Now quickly about the JH algorithm:
It's a hash algorithm which consists of a compression function F8, which is repeated as long as there exists input blocks (of length 512 bits). This is just how the SHA-functions operate. The F8 function consists of the E8 function which applies a round function 42 times. The round function itself consists of three parts:
a sbox, a linear transformation and a permutation (called swap in my code).
Thus it's reasonable that most of the time is spent in the round function. Still I would like to know how those parts could be improved. For instance: the blockMap function is just a utility function, mapping a function over the elements in a 4-tuple. So why is it performing so badly? Any suggestions would be welcome, and not just on single functions, i.e. are there structural changes you would have done in order to improve the performance?

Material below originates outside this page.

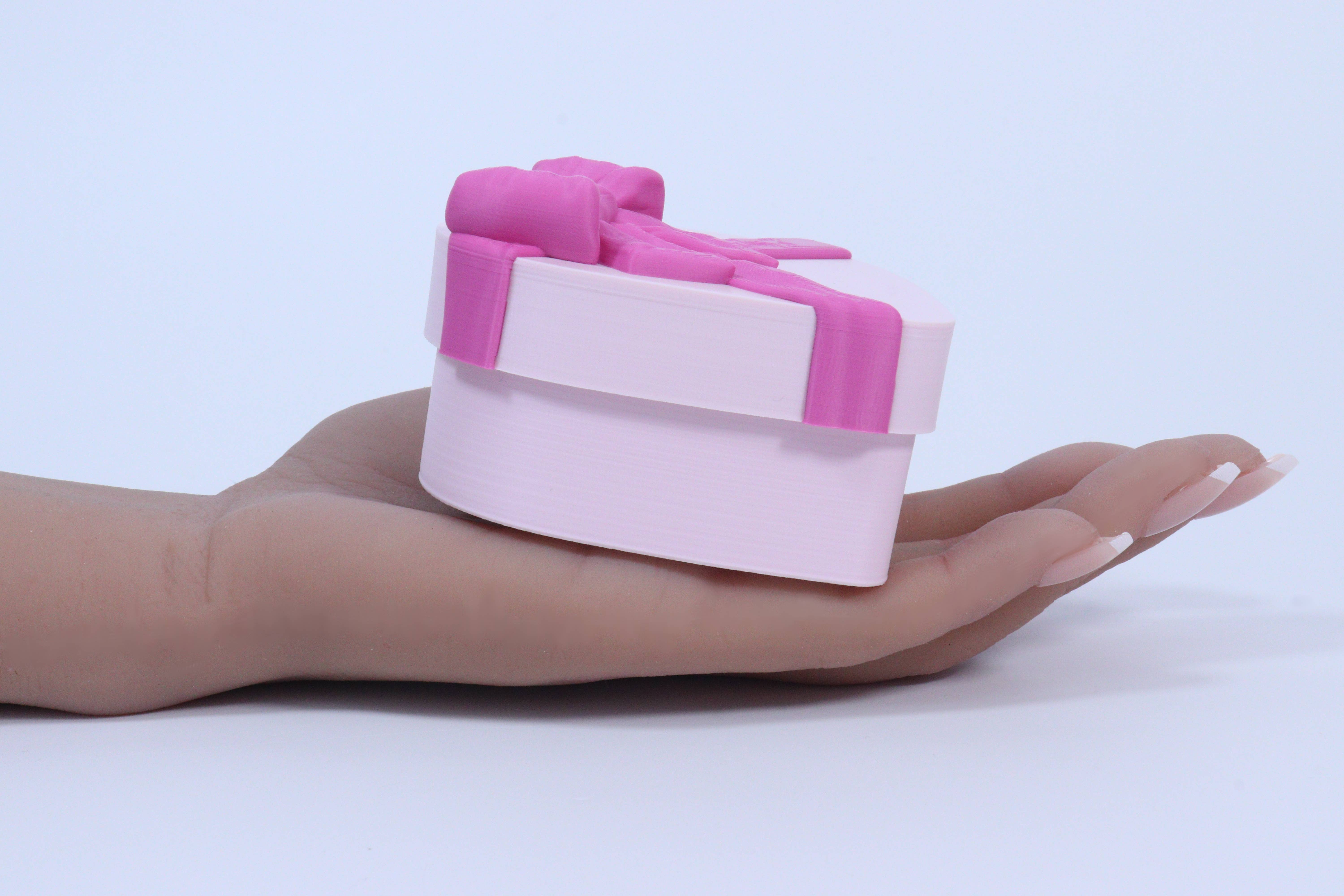 MrSpinner - Wholesale Fidget Toy - Kids - Click Confections Chocolate Click Fidget (Silent or Loud)5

I have tried looking at the Core output, but unfortunately that's way over my head.
I attach some of the heap profiles at the end as well in case that could be of interest.
EDIT :
I forgot to mention my setup and build. I run it on a x86_64 Arch Linux machine, GHC 7.0.3-2 (I think), with compile options:
ghc --make -O2 -funbox-strict-fields
Unfortunately there seems to be a bug on the Linux plattform when compiling via C or LLVM, giving me the error:
Error: .size expression for XXXX does not evaluate to a constant
so I have not been able to see the effect of that.
Switch to unboxed Vectors (from Array, used for constants)

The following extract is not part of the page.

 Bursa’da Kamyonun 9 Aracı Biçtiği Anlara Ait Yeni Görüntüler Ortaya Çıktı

Use unsafeIndex instead of incurring the bounds check and data dependency from safe indexing (i.e. !)
Unpack Block1024 as you did with Block512 (or at least use UnboxedTuples)
Use unsafeShift{R,L} so you don't incur the check on the shift value (coming in GHC 7.4)
Unfold the roundFunction so you have one rather ugly and verbose e8 function. This was significat in pureMD5 (the rolled version was prettier but massively slower than the unrolled version). You might be able to use TH to do this and keep the code smallish. If you do this then you'll have no need for constants as these values will be explicit in the code and result in a more cache friendly binary.
Unpack your Word128 values.
Define your own addition for Word128, don't lift Integer. See LargeWord for an example of how this can be done.
rem not mod
Compile with optimization (-O2) and try llvm (-fllvm)
EDIT: And cabalize your git repo along with a benchmark so we can help you easier ;-). Good work on including a crypto-api instance.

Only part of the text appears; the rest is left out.